> _The problem_
Whatever lies between the line with "KLACK SLEEK • GOLD - 2" and the end of the data, both included, must be copied exactly and without pictures.

> _Information provided_
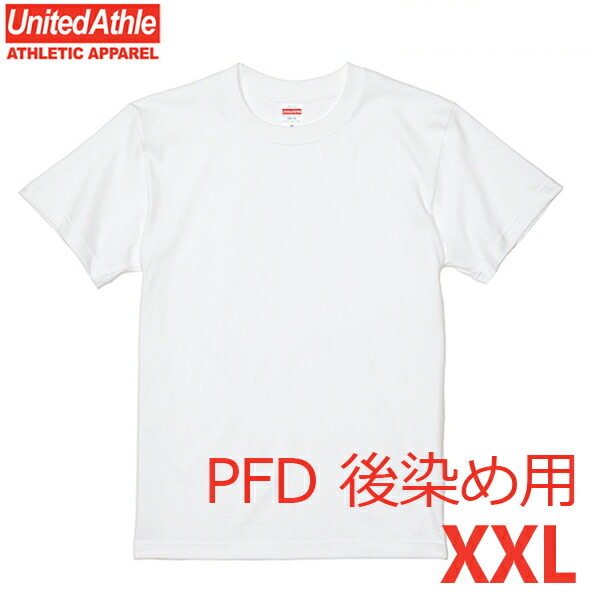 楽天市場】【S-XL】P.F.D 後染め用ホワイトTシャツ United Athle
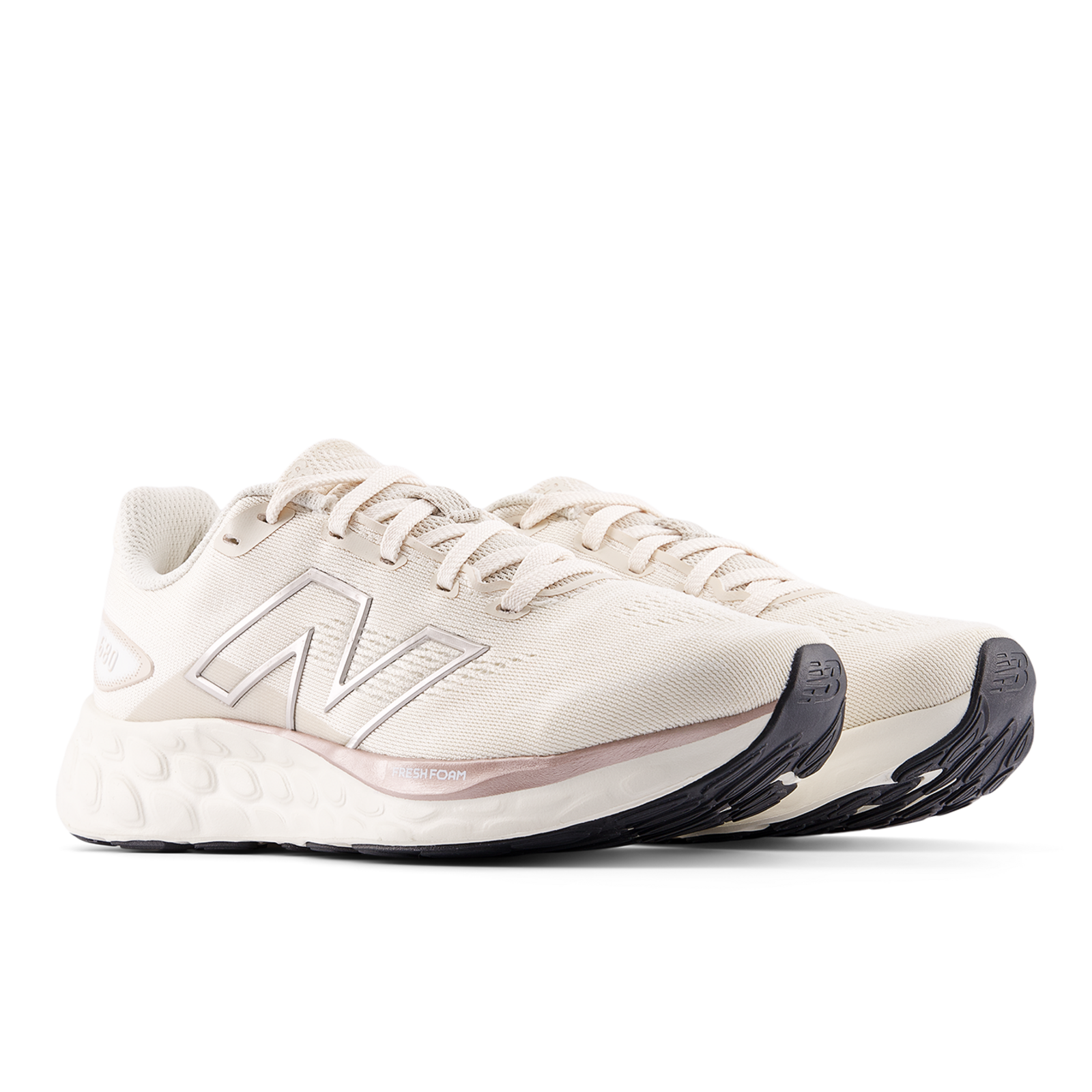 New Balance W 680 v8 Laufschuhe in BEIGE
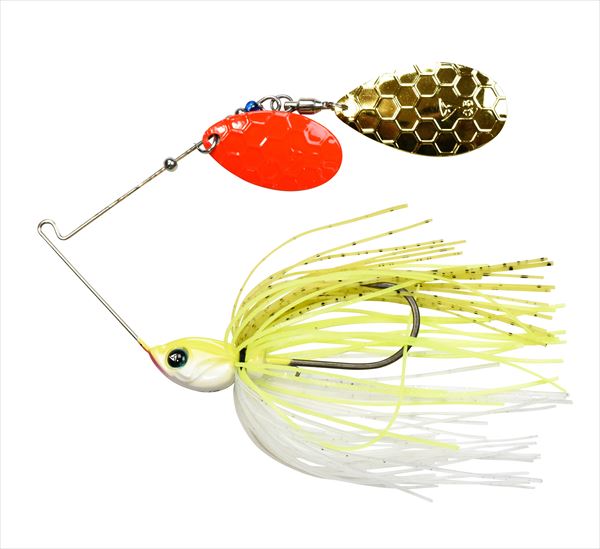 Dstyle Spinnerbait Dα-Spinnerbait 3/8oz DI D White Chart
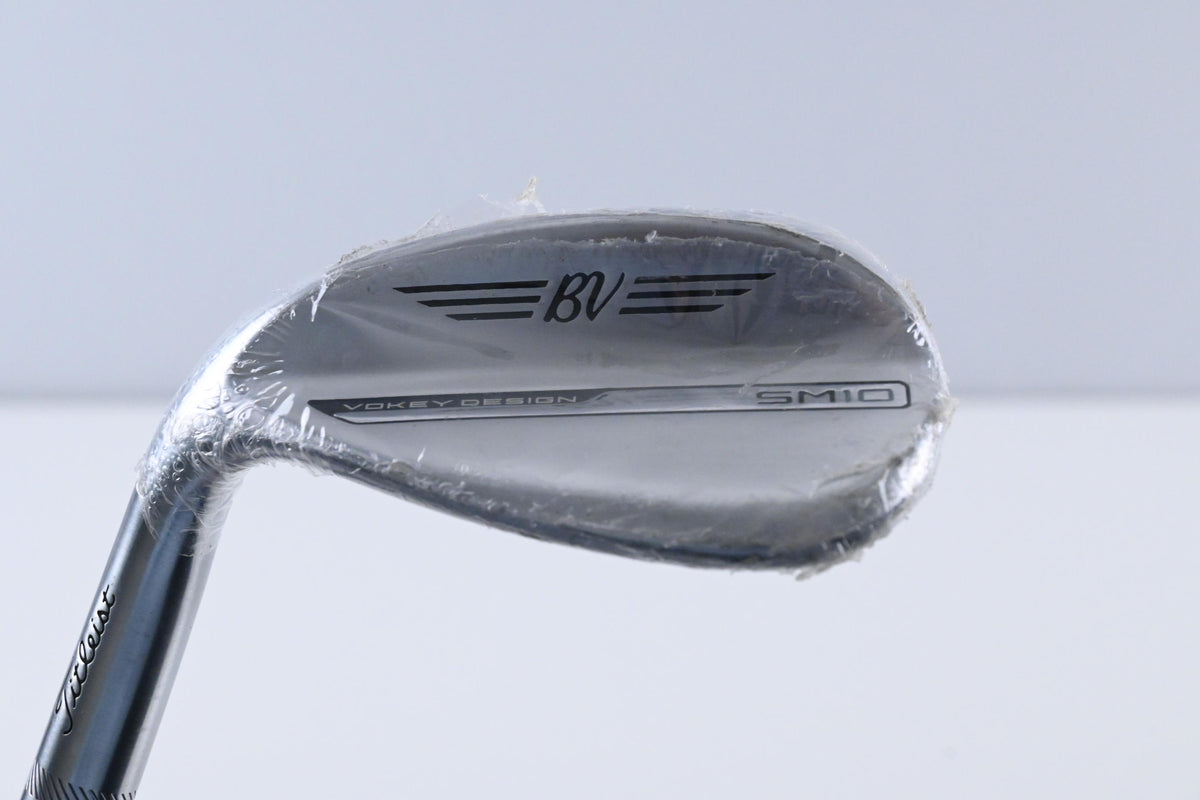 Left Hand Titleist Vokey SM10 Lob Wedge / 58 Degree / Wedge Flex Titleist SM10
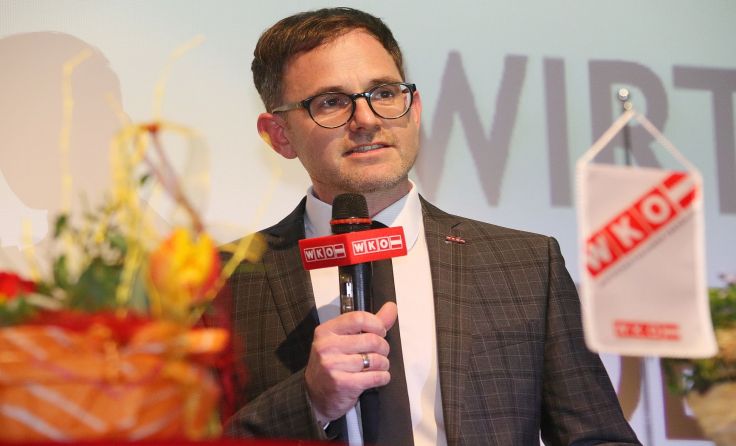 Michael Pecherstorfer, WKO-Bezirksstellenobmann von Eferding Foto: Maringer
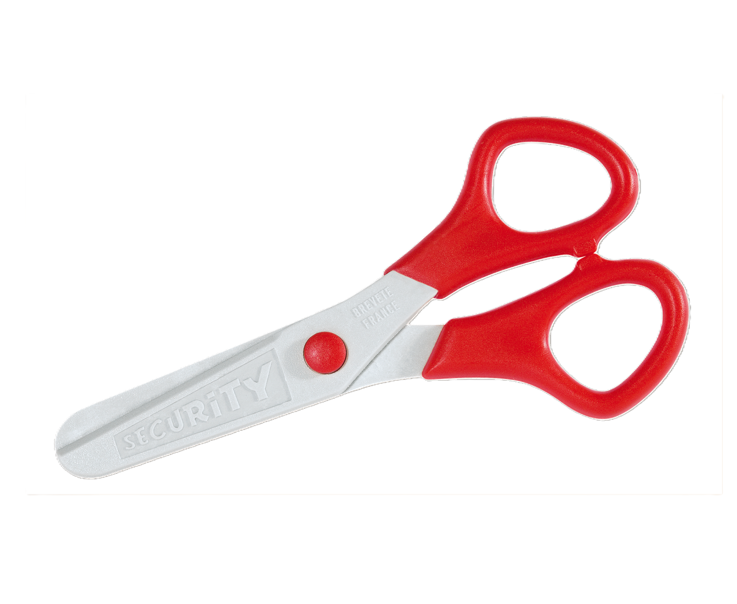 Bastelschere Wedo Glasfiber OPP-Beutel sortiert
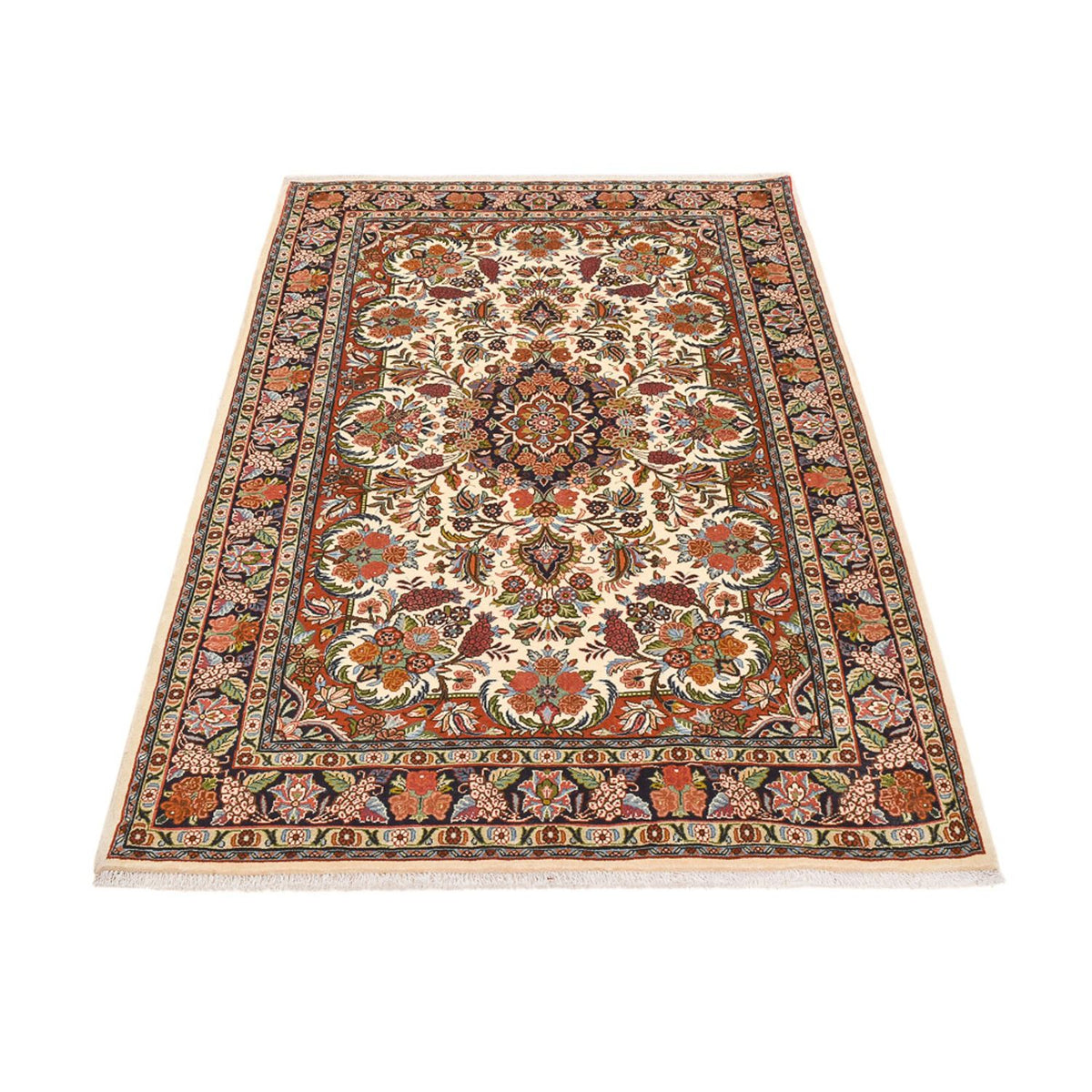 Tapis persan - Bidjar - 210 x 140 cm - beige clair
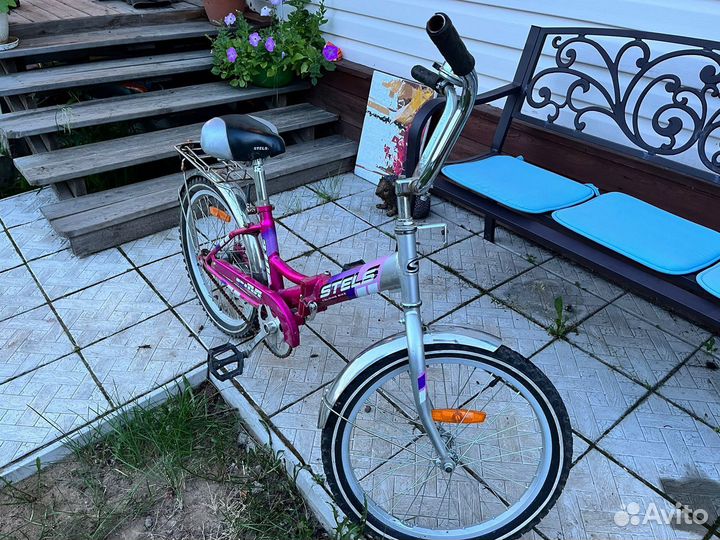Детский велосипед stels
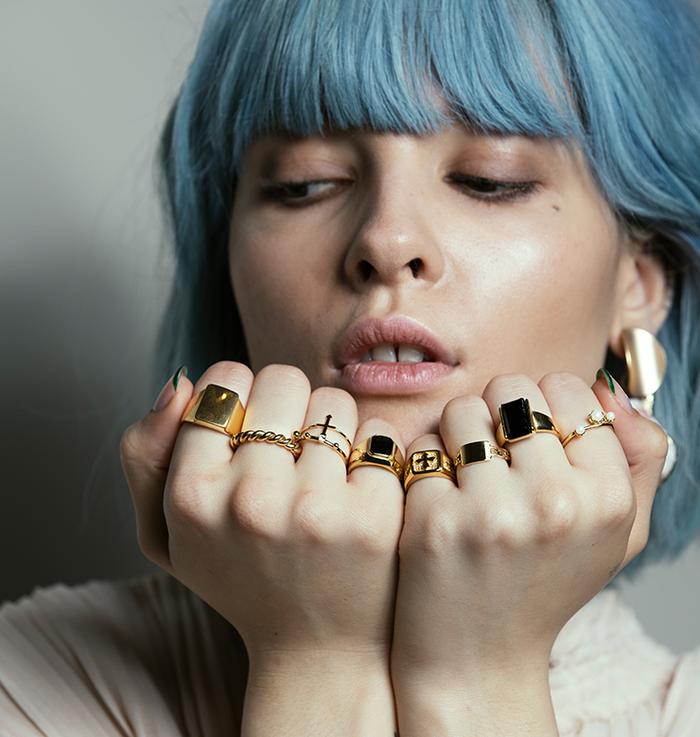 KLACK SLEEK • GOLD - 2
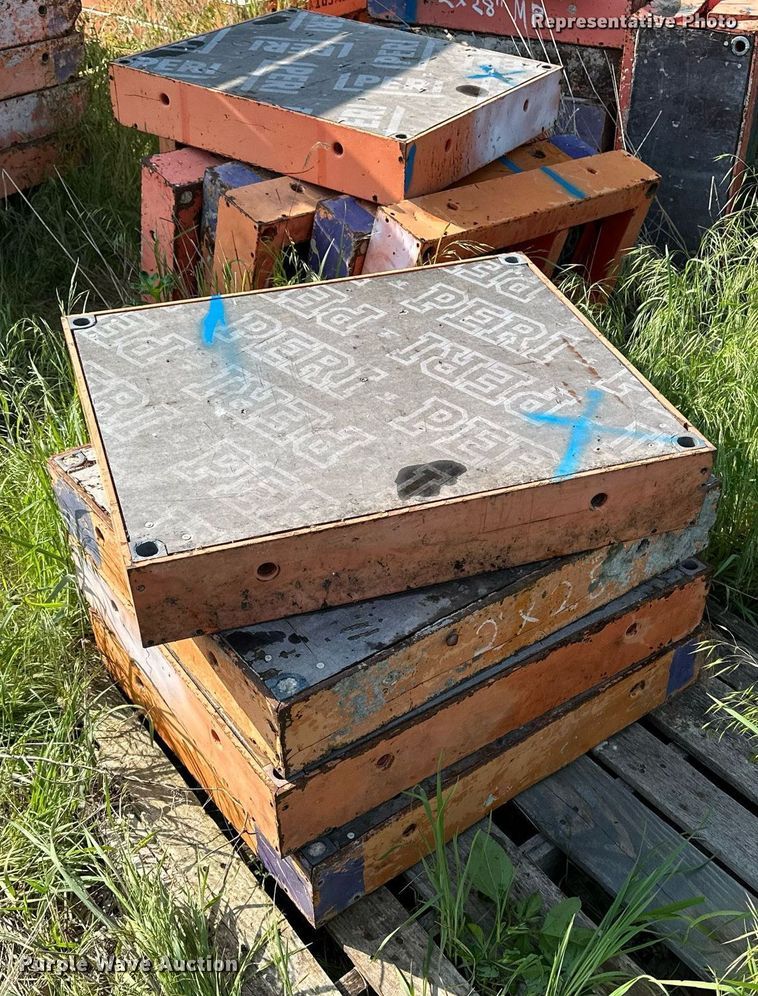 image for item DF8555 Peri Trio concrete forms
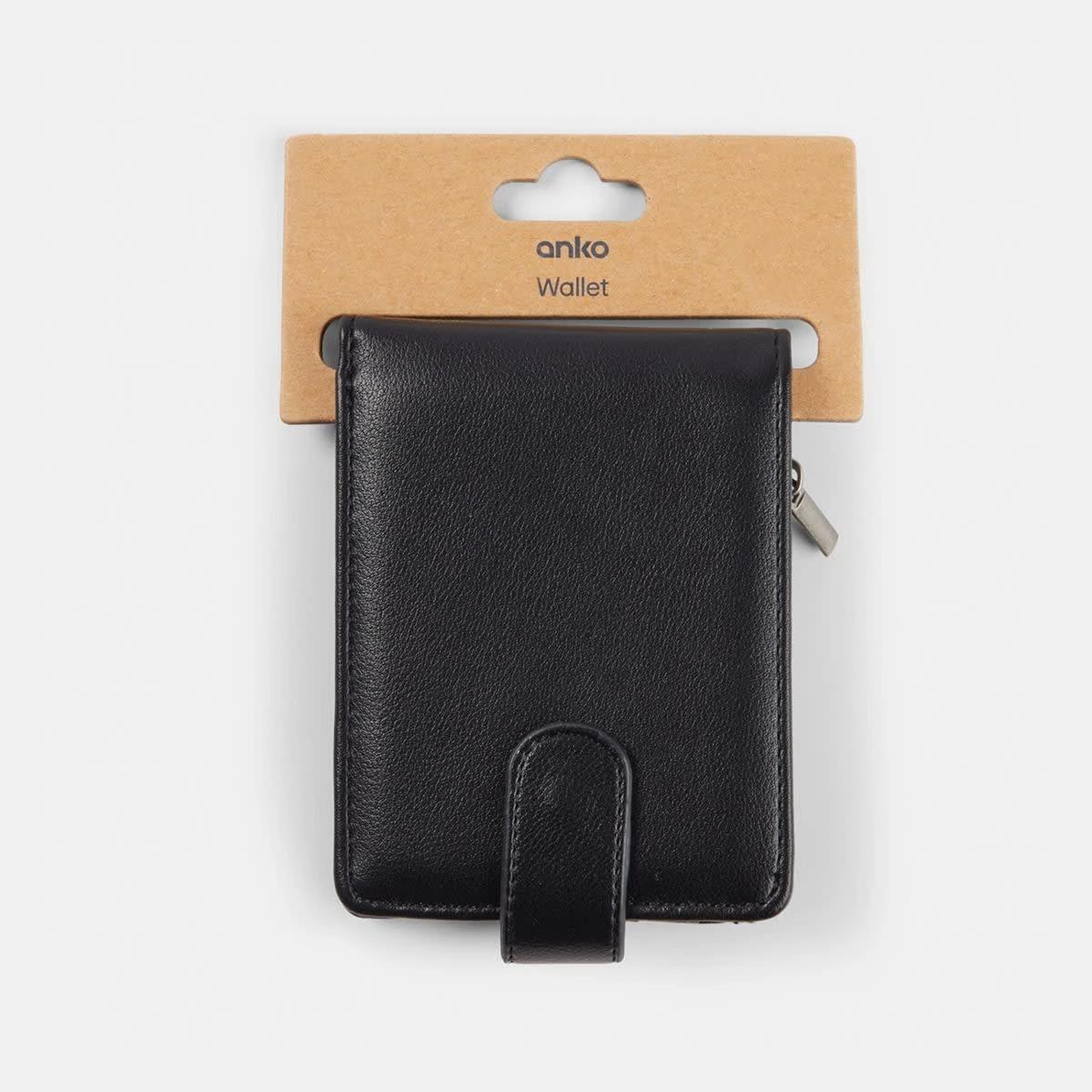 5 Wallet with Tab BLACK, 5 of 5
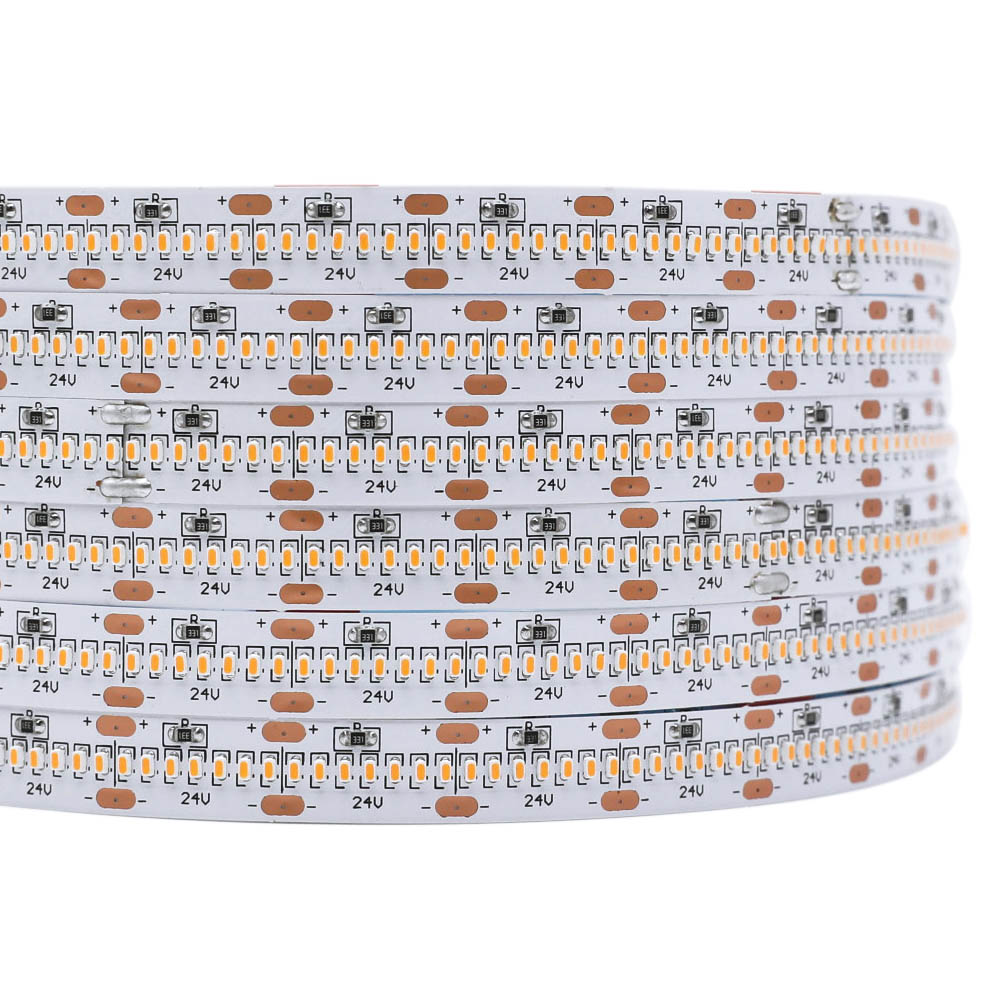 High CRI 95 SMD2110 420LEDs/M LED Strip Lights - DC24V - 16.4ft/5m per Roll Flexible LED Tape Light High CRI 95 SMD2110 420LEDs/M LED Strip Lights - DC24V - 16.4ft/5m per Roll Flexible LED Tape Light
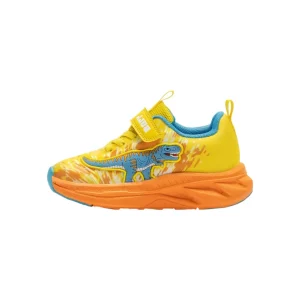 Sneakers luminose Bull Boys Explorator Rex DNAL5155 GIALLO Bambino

> _Written solution_
 KLACK SLEEK • GOLD - 2
 image for item DF8555 Peri Trio concrete forms
 5 Wallet with Tab BLACK, 5 of 5
 High CRI 95 SMD2110 420LEDs/M LED Strip Lights - DC24V - 16.4ft/5m per Roll Flexible LED Tape Light High CRI 95 SMD2110 420LEDs/M LED Strip Lights - DC24V - 16.4ft/5m per Roll Flexible LED Tape Light
 Sneakers luminose Bull Boys Explorator Rex DNAL5155 GIALLO Bambino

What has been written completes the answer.